## TASK ITEM
Verbatim copy, images omitted: return the full listing.

## DATA
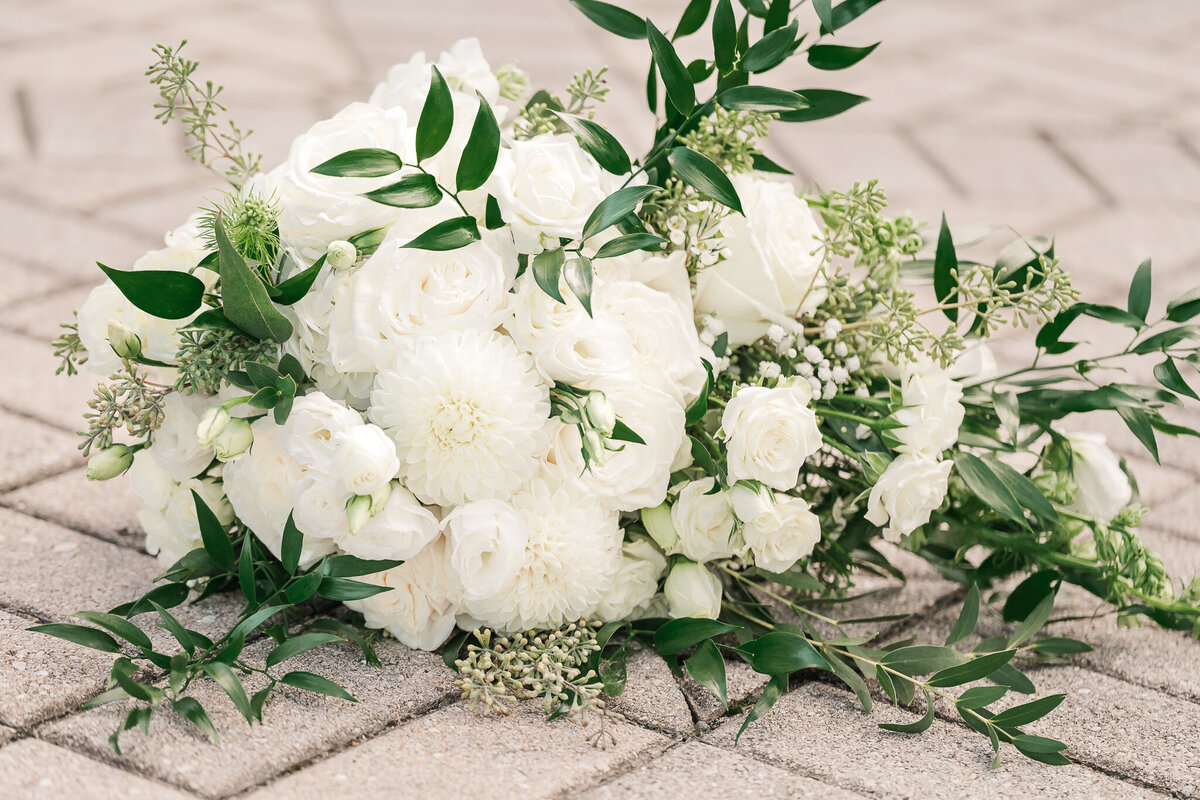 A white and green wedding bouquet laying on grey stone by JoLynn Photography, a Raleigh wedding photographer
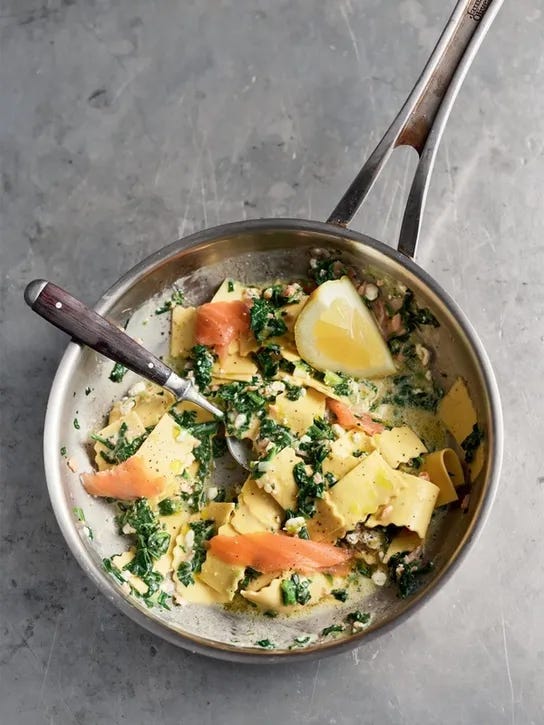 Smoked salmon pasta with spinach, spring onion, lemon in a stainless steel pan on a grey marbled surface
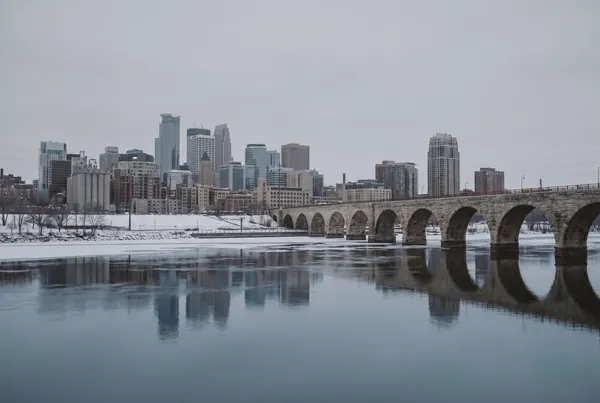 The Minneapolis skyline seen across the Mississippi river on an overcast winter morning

## ANSWER FOR THIS EXERCISE
 A white and green wedding bouquet laying on grey stone by JoLynn Photography, a Raleigh wedding photographer
 Smoked salmon pasta with spinach, spring onion, lemon in a stainless steel pan on a grey marbled surface
 The Minneapolis skyline seen across the Mississippi river on an overcast winter morning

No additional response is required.